Mesmo com um cenário desolador para a juventude rural, o presidente Jair Bolsonaro extinguiu, com um decreto em agosto de 2020, o Plano Nacional de Juventude e Sucessão Rural, documento elaborado pela CONTAG, MPA, MST e outros movimentos da juventude camponesa com reflexões e propostas para garantir a permanência no campo com qualidade de vida.

E mesmo com o aumento da fome no Brasil e todas as dificuldades impostas aos agricultores e agricultoras familiares de nosso país, Bolsonaro vetou não apenas um, mas dois Projetos de Lei que propunham medidas emergenciais de amparo a agricultores e agricultoras familiares que foram impactados(as) economicamente pela pandemia da Covid-19: o PL 823/2021 (vetado no dia 17 de setembro de 2021) e o PL 735/2020 (vetado em 25 de agosto de 2020).

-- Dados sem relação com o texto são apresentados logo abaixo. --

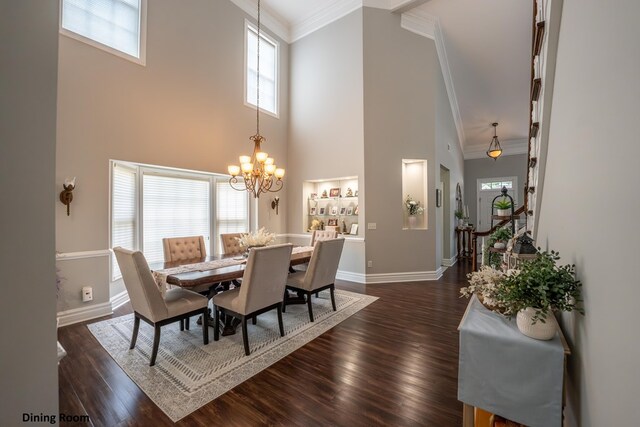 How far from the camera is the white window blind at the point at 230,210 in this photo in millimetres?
5426

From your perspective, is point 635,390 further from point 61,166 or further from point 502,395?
point 61,166

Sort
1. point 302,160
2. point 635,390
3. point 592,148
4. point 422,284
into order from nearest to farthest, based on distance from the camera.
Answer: point 635,390 < point 592,148 < point 422,284 < point 302,160

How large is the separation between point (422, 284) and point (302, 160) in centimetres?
365

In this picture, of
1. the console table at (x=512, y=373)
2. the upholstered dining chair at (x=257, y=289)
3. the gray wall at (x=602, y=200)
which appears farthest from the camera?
the upholstered dining chair at (x=257, y=289)

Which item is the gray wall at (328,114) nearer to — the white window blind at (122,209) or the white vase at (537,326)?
the white window blind at (122,209)

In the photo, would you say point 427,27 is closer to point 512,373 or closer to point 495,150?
point 495,150

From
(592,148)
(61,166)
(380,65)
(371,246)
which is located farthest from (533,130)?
(61,166)

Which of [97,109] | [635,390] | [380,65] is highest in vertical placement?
[380,65]

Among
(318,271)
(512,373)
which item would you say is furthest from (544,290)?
(318,271)

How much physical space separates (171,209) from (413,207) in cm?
465

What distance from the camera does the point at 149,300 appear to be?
2309mm

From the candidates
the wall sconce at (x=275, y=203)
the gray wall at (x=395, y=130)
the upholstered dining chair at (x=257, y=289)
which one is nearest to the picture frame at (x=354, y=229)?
the gray wall at (x=395, y=130)

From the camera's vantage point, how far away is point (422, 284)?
497 cm

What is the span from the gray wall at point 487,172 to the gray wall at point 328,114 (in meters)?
6.71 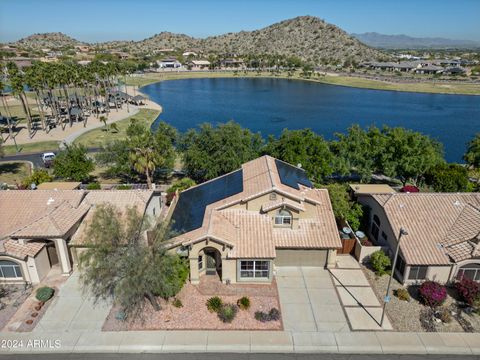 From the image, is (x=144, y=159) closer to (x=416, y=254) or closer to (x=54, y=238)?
(x=54, y=238)

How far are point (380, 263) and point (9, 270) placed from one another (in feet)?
97.3

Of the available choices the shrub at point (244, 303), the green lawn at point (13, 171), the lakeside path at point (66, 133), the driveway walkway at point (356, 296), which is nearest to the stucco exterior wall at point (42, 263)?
the shrub at point (244, 303)

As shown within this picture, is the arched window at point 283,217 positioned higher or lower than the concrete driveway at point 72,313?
higher

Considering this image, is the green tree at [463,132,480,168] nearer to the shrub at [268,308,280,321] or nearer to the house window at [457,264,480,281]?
the house window at [457,264,480,281]

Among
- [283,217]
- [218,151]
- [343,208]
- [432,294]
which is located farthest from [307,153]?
[432,294]

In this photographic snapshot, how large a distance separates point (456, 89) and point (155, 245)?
170131mm

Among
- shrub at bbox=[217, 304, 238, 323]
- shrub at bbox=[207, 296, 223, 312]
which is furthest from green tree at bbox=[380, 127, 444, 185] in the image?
shrub at bbox=[207, 296, 223, 312]

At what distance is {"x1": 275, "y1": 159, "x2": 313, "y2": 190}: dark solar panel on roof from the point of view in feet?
105

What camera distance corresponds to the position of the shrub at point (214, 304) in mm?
24641

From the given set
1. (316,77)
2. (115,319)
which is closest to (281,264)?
(115,319)

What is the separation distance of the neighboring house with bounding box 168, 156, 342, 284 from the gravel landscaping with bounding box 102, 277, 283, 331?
87cm

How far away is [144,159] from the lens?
1622 inches

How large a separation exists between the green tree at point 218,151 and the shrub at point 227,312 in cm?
2136

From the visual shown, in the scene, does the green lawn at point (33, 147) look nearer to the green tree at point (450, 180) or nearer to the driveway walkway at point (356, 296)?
the driveway walkway at point (356, 296) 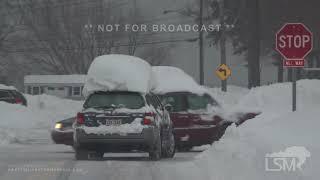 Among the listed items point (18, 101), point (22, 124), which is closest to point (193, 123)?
point (22, 124)

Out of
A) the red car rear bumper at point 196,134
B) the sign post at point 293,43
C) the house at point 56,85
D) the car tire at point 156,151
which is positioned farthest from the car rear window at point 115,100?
the house at point 56,85

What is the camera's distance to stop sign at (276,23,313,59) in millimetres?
15969

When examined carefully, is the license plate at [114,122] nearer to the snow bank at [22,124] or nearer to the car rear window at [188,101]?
the car rear window at [188,101]

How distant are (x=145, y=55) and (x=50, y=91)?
407 inches

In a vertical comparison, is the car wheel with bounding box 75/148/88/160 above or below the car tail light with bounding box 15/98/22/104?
above

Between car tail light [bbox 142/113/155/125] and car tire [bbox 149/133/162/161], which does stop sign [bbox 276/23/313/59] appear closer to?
car tail light [bbox 142/113/155/125]

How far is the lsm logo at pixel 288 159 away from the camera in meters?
9.52

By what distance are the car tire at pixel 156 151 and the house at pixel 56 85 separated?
55.0m

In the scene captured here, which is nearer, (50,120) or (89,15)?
(50,120)

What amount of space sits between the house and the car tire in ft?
180

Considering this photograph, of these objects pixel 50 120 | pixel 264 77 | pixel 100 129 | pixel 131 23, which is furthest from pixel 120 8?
pixel 100 129

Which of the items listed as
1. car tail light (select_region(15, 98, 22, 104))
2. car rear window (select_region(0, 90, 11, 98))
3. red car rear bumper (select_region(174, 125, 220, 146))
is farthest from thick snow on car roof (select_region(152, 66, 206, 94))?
car tail light (select_region(15, 98, 22, 104))

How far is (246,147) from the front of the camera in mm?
11586

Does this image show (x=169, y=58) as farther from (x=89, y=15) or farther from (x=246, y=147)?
(x=246, y=147) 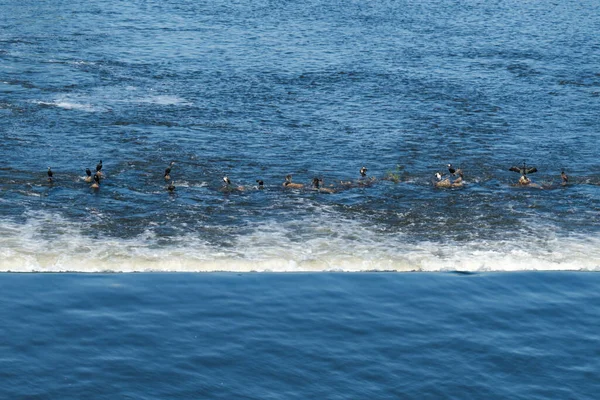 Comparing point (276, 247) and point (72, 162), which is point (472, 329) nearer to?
point (276, 247)

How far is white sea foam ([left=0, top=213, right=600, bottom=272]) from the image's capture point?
32375 millimetres

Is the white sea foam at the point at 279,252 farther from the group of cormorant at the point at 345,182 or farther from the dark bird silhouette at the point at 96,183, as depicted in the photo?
the group of cormorant at the point at 345,182

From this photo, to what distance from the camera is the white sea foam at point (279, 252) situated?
1275 inches

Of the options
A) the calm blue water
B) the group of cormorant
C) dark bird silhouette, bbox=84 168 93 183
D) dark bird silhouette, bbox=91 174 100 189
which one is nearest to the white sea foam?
the calm blue water

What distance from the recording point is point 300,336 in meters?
27.7

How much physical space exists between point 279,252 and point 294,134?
46.5ft

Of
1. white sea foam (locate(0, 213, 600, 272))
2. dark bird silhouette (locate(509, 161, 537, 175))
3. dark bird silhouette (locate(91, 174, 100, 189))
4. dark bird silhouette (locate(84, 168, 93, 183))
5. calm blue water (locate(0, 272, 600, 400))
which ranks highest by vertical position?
dark bird silhouette (locate(509, 161, 537, 175))

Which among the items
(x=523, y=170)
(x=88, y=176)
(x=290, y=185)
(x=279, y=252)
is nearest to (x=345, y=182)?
(x=290, y=185)

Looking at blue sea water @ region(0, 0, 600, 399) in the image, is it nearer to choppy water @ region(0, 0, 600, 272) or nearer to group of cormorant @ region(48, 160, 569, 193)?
choppy water @ region(0, 0, 600, 272)

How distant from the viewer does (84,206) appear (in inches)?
1480

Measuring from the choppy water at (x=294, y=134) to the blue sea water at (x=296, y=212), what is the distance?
146mm

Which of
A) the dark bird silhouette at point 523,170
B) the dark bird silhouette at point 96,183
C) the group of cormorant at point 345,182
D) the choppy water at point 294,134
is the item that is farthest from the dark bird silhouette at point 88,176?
the dark bird silhouette at point 523,170

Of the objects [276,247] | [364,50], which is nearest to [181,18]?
[364,50]

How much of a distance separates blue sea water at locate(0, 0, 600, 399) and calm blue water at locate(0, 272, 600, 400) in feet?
0.24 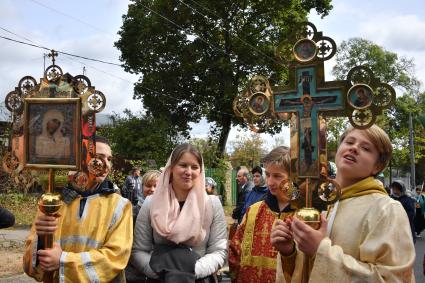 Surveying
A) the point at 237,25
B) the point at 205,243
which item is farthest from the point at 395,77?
the point at 205,243

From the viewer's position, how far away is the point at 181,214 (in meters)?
3.54

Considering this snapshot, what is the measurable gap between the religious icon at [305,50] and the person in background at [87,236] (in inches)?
58.2

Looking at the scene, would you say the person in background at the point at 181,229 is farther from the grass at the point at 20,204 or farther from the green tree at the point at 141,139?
the green tree at the point at 141,139

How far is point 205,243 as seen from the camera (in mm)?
3639

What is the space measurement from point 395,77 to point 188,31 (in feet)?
101

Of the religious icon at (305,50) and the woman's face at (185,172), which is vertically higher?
the religious icon at (305,50)

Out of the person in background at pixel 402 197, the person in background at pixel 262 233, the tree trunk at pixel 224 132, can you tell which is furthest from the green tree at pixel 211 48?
the person in background at pixel 262 233

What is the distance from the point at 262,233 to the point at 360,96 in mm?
1444

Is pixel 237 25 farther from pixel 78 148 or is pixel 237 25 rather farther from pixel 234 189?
pixel 78 148

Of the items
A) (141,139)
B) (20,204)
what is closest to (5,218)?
(20,204)

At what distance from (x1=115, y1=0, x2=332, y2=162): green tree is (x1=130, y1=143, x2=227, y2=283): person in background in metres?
21.5

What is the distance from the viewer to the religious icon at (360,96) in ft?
8.82

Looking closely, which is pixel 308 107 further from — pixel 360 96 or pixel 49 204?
pixel 49 204

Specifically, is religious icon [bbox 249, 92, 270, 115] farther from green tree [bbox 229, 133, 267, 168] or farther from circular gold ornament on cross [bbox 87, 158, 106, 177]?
green tree [bbox 229, 133, 267, 168] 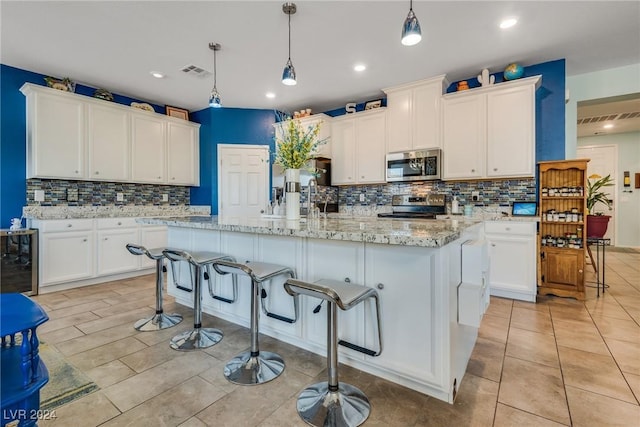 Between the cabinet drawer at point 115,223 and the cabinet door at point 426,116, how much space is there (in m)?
4.05

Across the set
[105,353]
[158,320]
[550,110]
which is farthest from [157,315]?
[550,110]

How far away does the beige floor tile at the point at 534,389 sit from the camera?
1535 millimetres

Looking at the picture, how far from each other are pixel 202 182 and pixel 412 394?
4848mm

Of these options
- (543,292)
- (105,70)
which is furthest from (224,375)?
(105,70)

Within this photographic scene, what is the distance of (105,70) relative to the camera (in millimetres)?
3719

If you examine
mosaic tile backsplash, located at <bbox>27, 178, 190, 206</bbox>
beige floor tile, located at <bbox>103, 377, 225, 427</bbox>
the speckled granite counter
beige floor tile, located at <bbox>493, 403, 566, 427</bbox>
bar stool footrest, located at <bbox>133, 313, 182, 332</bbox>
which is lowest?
beige floor tile, located at <bbox>103, 377, 225, 427</bbox>

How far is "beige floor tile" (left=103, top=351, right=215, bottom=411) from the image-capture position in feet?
5.38

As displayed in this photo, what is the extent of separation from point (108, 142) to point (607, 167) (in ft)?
31.6

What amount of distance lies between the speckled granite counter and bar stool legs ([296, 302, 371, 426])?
3.77m

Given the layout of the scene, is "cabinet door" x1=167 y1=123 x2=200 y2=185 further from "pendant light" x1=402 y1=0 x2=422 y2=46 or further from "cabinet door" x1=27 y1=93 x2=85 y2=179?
"pendant light" x1=402 y1=0 x2=422 y2=46

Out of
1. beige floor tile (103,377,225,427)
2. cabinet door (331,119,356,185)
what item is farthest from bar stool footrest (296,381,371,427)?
cabinet door (331,119,356,185)

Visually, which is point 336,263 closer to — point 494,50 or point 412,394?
point 412,394

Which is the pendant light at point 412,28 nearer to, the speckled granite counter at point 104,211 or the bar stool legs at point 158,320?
the bar stool legs at point 158,320

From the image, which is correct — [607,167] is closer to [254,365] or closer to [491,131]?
[491,131] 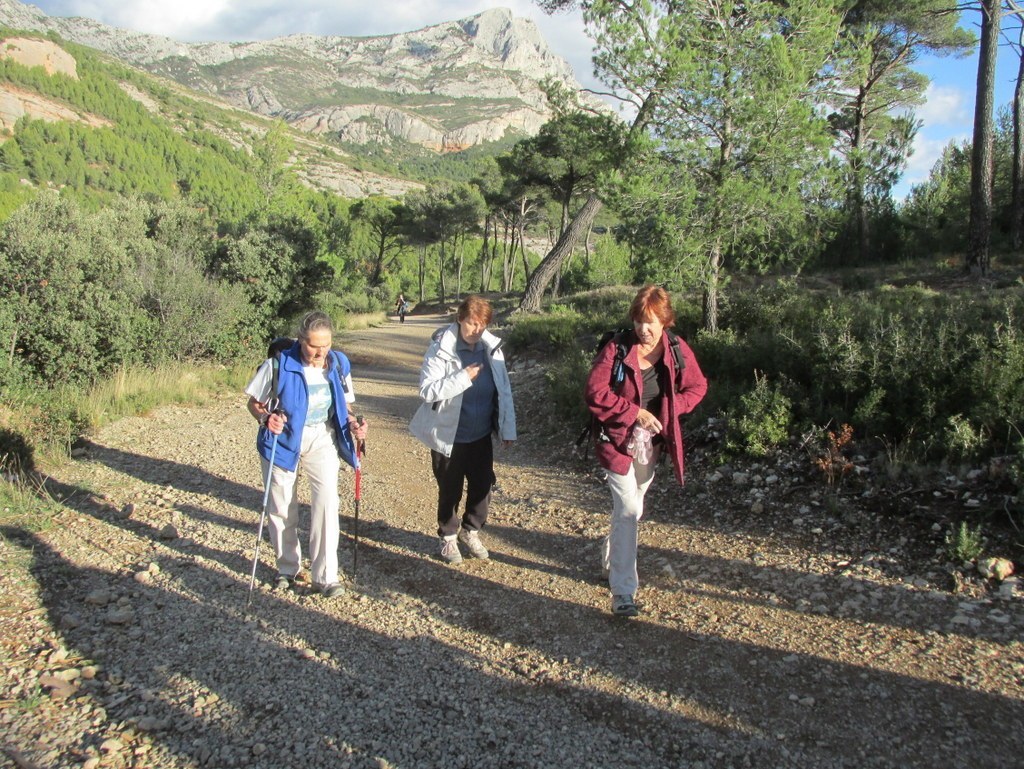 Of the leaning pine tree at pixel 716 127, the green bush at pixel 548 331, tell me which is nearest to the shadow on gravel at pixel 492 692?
the leaning pine tree at pixel 716 127

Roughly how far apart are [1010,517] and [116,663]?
199 inches

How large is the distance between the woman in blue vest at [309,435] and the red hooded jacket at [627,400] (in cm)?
156

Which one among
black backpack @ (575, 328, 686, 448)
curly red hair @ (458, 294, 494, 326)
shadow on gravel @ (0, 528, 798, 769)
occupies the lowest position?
shadow on gravel @ (0, 528, 798, 769)

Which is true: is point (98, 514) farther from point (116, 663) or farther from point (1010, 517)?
point (1010, 517)

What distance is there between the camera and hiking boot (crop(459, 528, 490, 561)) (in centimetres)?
463

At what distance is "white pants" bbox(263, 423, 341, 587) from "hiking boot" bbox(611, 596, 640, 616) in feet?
5.66

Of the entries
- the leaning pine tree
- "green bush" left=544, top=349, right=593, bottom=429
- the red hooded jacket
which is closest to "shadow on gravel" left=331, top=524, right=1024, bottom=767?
the red hooded jacket

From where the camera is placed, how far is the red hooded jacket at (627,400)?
12.0 feet

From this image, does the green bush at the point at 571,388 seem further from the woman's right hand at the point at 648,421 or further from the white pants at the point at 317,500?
the white pants at the point at 317,500

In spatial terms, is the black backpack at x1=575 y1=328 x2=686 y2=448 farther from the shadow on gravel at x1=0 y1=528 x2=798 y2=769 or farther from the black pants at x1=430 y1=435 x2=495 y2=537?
the shadow on gravel at x1=0 y1=528 x2=798 y2=769

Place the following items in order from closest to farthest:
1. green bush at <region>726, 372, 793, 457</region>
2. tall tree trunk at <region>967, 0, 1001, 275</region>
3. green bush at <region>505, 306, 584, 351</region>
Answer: green bush at <region>726, 372, 793, 457</region>, tall tree trunk at <region>967, 0, 1001, 275</region>, green bush at <region>505, 306, 584, 351</region>

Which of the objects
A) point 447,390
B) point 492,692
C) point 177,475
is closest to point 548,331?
point 177,475

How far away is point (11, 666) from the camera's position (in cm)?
315

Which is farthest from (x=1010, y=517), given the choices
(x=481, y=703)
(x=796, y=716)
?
(x=481, y=703) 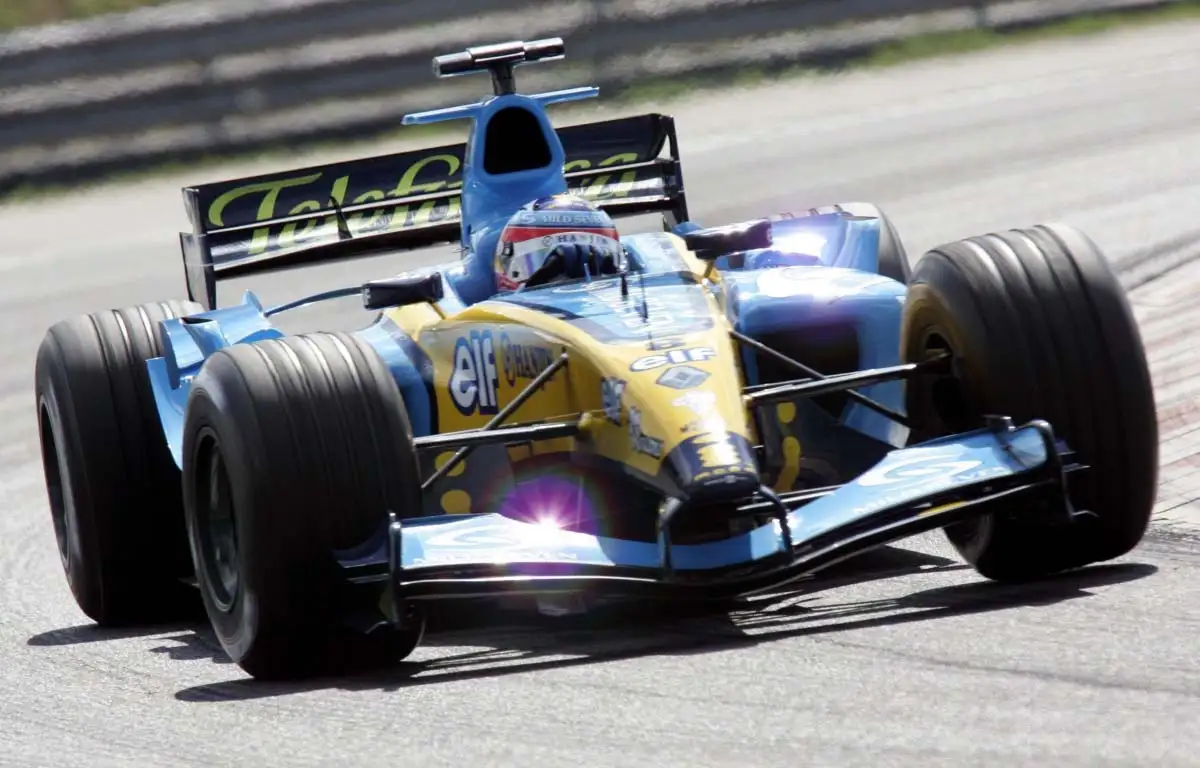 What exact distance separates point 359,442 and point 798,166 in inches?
440

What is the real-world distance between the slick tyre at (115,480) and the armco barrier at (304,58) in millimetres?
9835

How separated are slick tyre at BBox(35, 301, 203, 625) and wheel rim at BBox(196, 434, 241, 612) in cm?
140

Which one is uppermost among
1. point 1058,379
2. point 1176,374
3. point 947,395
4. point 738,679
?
point 1058,379

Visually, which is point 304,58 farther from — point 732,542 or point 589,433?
point 732,542

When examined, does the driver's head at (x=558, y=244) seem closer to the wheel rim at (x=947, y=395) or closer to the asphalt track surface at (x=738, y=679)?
the wheel rim at (x=947, y=395)

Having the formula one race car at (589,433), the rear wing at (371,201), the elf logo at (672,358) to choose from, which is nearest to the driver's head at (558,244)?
the formula one race car at (589,433)

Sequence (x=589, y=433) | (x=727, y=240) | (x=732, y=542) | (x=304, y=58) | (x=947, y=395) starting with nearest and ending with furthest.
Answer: (x=732, y=542) → (x=589, y=433) → (x=947, y=395) → (x=727, y=240) → (x=304, y=58)

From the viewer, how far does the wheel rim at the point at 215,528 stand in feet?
22.8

Por isso, nesse dia 22 de setembro, chamamos a juventude do campo, da floresta e das águas para refletir e conversar com sua família, seus amigos e amigas e sua comunidade sobre a necessidade de saber eleger gestores públicos que reconheçam a importância da agricultura familiar para a segurança e soberania alimentar de nosso país e para a preservação do meio ambiente, e da juventude rural como protagonista e sucessora do desenvolvimento rural sustentável e solidário.